La Ballade de Narayama
Narayama Bushikô
de Shohei Imamura
Sélection officielle
Cannes Classics






Sur les hauteurs de Shinshu

Une présentation de Toei (Japon). Scan 4K, restauration image ARRISCAN et son Golden Eye en 2K à partir du négatif 35mm original, d’un contretype et de bandes vidéo.

Les nouvelles de Shichirô Fukkazawa avaient déjà été portées à l’écran en 1958 par Keisuke Kinoshita, mais c’est la version de Shohei Imamura que l’histoire du cinéma a davantage retenue. Le récit est basé sur une prétendue coutume japonaise selon laquelle les habitants arrivant à l’âge de soixante-dix ans devaient volontairement partir mourir au sommet de « la montagne des chênes », assistés par leur fils aîné. Ori-Yan est l’autoritaire matriarche d’une famille dans un village pauvre et isolé du Japon de 1860. Sentant son heure venir, et ne voulant pas être une charge pour les siens, elle prépare son départ pour le lieu où se rassemblent les âmes des morts. Elle souhaite à cet effet trouver une épouse pour son Tatsuhei, son aîné, un veuf qui élève trois enfants, et régler d’autres problèmes de famille et de voisinage, qui portent notamment sur le pillage de réserves alimentaires par une belle-famille indélicate. Les deux premiers tiers du film se déroulent dans le village et Imamura se veut ici le peintre féroce de la société traditionnelle japonaise : il n’est en effet question que de sacrifice, rancœurs et représailles envers ceux qui s’écartent des règles de la communauté. Les rapports conjugaux et parentaux sont montrés avec acuité mais sécheresse, le réalisateur usant d’échappées oniriques pour casser le ton naturaliste : des ralentis discrets mais récurrents donnent un caractère décalé à la narration.

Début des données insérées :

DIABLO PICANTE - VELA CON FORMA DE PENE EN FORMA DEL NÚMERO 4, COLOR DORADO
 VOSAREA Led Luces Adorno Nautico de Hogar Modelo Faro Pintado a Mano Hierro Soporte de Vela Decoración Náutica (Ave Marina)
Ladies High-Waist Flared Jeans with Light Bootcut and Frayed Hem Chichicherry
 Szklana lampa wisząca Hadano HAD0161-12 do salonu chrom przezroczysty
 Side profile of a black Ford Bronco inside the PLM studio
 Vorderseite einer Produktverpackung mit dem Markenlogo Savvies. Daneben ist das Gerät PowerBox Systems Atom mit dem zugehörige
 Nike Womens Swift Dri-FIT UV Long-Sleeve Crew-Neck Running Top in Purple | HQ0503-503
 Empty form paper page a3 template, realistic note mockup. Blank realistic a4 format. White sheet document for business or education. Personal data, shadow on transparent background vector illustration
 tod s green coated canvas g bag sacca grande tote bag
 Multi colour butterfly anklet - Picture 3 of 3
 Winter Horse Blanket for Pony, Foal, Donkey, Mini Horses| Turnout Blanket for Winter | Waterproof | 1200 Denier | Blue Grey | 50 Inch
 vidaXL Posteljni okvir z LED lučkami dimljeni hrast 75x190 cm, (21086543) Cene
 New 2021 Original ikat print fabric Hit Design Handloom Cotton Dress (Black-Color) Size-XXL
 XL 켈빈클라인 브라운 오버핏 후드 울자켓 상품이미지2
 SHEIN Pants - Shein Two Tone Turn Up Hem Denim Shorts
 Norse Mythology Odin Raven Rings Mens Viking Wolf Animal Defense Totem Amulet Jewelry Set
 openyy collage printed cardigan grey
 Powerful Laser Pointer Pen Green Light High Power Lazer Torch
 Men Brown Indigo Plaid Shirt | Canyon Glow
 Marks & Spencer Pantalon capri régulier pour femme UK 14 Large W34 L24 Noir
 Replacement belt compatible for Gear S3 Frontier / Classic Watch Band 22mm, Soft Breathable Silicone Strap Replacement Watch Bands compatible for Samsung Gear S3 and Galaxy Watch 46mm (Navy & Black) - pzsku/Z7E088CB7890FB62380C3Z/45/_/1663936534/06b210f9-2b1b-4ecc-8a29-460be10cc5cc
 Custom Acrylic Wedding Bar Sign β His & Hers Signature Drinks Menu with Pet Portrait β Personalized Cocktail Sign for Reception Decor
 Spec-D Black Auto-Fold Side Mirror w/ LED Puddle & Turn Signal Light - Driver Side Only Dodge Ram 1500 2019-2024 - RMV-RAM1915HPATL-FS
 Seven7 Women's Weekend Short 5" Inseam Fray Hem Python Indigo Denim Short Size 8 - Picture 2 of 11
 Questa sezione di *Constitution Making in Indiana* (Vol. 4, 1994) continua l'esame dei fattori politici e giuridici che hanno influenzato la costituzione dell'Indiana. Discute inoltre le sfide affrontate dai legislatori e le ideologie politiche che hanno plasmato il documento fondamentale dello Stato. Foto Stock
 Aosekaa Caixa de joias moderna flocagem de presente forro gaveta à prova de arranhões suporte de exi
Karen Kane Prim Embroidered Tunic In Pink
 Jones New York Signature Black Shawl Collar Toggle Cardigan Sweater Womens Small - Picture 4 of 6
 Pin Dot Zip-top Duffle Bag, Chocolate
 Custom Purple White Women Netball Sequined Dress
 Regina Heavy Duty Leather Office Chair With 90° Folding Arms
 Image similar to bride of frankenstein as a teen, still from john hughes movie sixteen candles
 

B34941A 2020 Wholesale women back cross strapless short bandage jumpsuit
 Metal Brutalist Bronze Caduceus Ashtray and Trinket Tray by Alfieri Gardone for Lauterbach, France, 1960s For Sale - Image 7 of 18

Comme à son habitude, Imamura sonde l’espèce humaine sans chercher à édulcorer, traquant les instincts dans leurs aspects les plus ordinaires, animaliers, triviaux ou inavouables : le besoin de nourriture, la copulation, mais aussi l’infanticide, le parricide et autres crimes font l’objets de plans brefs, et l’auteur se permet d’incruster des images de reptiles qui mangent des grenouilles, ou de mantes religieuses leurs mâles. Comme si un regard d’entomologiste était élargi à l’ensemble du microcosme rural observé. Il faut aussi souligner le travail remarquable de trois directeurs de la photo dont Shigeru Komatusubara, qui restera fidèle au cinéaste avec L’Anguille, Kanzo sensei et De l’eau tiède sous un pont rouge. Ses compositions picturales contribuent à magnifier la montagne de Narayama, sur laquelle Tatsuhei, portant sa mère sur le dos, la conduira sur la voie de l’ultime délivrance. Cette dernière partie du film est la seule où une émotion commence à surgir. La sérénité mystique qui imprègne l’écran n’empêche pas le cinéaste d’offrir des images semblant sortir d’un film d’horreur : le lieu de repos et de recueillement est aussi celui où des vautours s’attaquent aux cadavres en décomposition de vieillards en paix avec eux-mêmes… Palme d’or au Festival de Cannes en 1983, La Ballade de Narayama devait consacrer un auteur important du cinéma japonais, et élargir son audience.

Gérard Crespo



 

 


1983 - 2h13 - Japon - Scénario : Shohei IMAMURA, d'après les nouvelles "Tohoku no Zummutachi" et "Étude à propos des chansons de Naryama" de Shichirô Fukazawa - Interprétation : Ken OGATA, Sumiko SAKAMOTO, Aki TAKEJO, Tonpei HIDARI.